Business inventories are lean and will be rebuilt at the first whiff of resurgent demand, and there’s a pent-up need for capital equipment–especially technology to boost productivity. Two-thirds of U.S. corporate financial officers say their firms are spending cautiously on capital goods–or not at all–because of the Iraq conflict, according to a survey by Financial Executives International, a trade group, and Duke University. Lift that cloud, and managers will spend.

To be sure, the economy faces new problems like trade tensions, and old ones like heavy consumer debt. But investors have made a lot of bad decisions lately, and hunkering down now would be another one. Most money-market funds yield less than 1%, and after three strong years, bonds are vulnerable to rising interest rates. Yet those are two assets into which money has been flowing. The participation rate in 401(k) plans is the lowest in a decade, and those who are enrolled are contributing less.

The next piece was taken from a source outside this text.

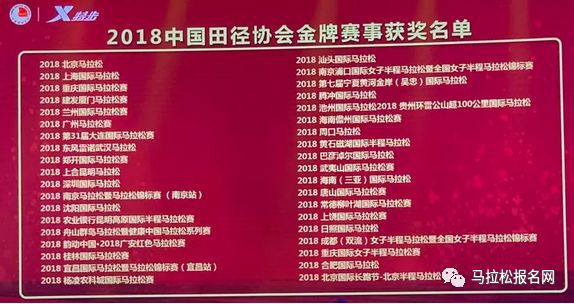 马拉松国内记录_2018国内马拉松_马拉松国内成绩排名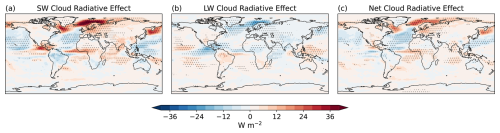 https://acp.copernicus.org/articles/26/14939/2026/acp-26-14939-2026-f08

What should you do? Don’t make any huge bets–do keep some cash on hand–but lighten up on bonds in favor of stocks. If you don’t want to research individual stocks, invest in a low-cost, broad-based mutual fund like Vanguard Total Stock Market Index. For a more targeted approach, consider:

OIL Crude prices are coming down sharply and should stabilize in the $20-$30 range, from a high three weeks ago of $37.78 per bbl. Friday’s price was $26.91. This decline hurts Big Oil–ExxonMobil, ConocoPhilips–but parts of the transportation industry will benefit, especially truckers like Roadway and roadside lodging firms like Cendant, as travelers favor the road over the air. Avoid big airlines. Their cost structures require more business than they’re likely to get anytime soon, and even JetBlue and Southwest will struggle. If you think firms like engineering giant Fluor can do well rebuilding Iraq’s oilfields, you’re right–but late. Fluor’s shares have risen 64% since October.

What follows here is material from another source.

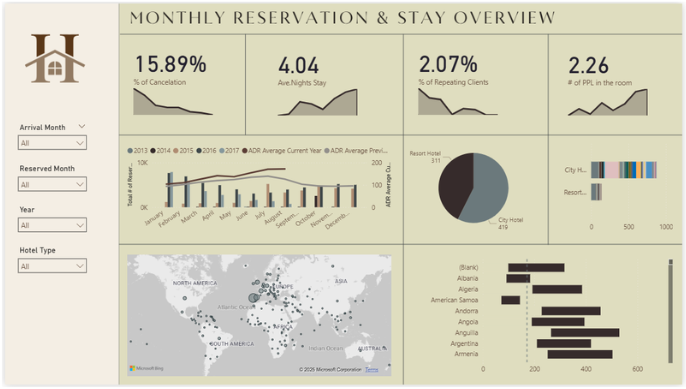 Typical sales dashboard example with many charts and equal visual weight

RETAIL As consumers regain confidence and enjoy more cash in their pockets through lower energy costs, they’ll shop. Best bets in a still tepid economy are firms known for delivering value: Costco, Kohl’s, Target, Wal-Mart.

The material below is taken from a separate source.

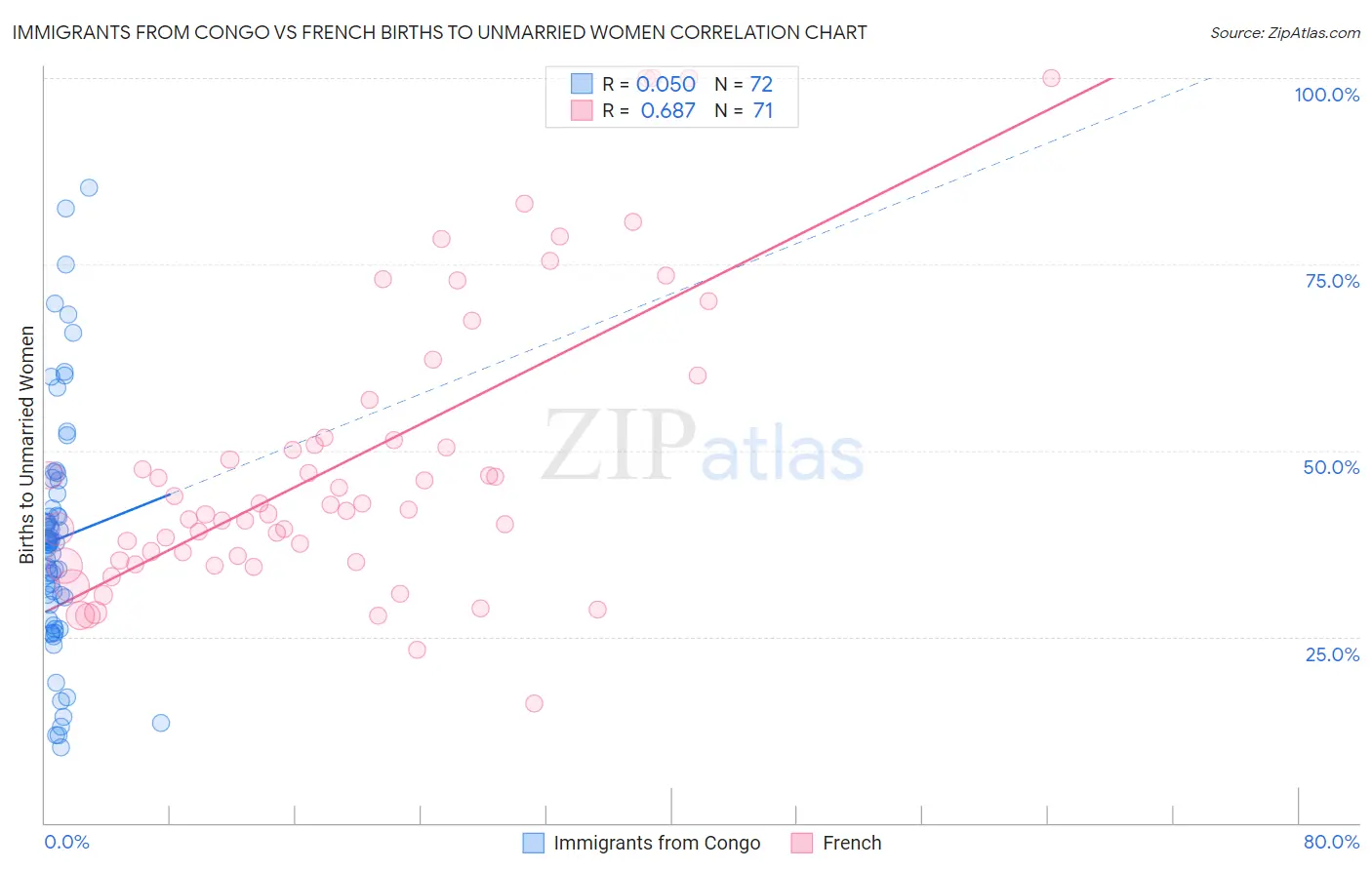 Immigrants from Congo vs French Births to Unmarried Women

CAPITAL GOODS Tech will draw a lot of attention as companies invest in productivity. Computer chip–makers like Taiwan Semiconductor and Intel should benefit. And so should industrials like General Electric and DuPont.

SAFE HAVENS Dividend-paying stocks like drugmakers Merck and Schering-Plough and utilities (Consolidated Edison, Southern Co.) should do well as investors tiptoe back into the safest stocks they can think of. Consider a yield-oriented stock fund like T. Rowe Price Capital Appreciation, which recently yielded 2% and gained 11% annually the past three years. If things go poorly for the U.S. in Iraq or elsewhere, this at least will provide some cushion and keep you in the game.

FOREIGN They’re riskier, but consider Israeli stocks–they have been pummeled on fears of Iraqi strikes. World-class Israeli companies like Check Point Software and Comverse would be bargains with a quick peace. Amidex Israel Technology fund is a direct tech play; for more diversification consider First Israel, a diversified closed-end fund traded in the U.S. Another region to consider is Asia, where emerging markets are fairly well insulated from the war. They will benefit quickly from falling oil prices, and they have great growth potential linked to that of the powerful Chinese economy.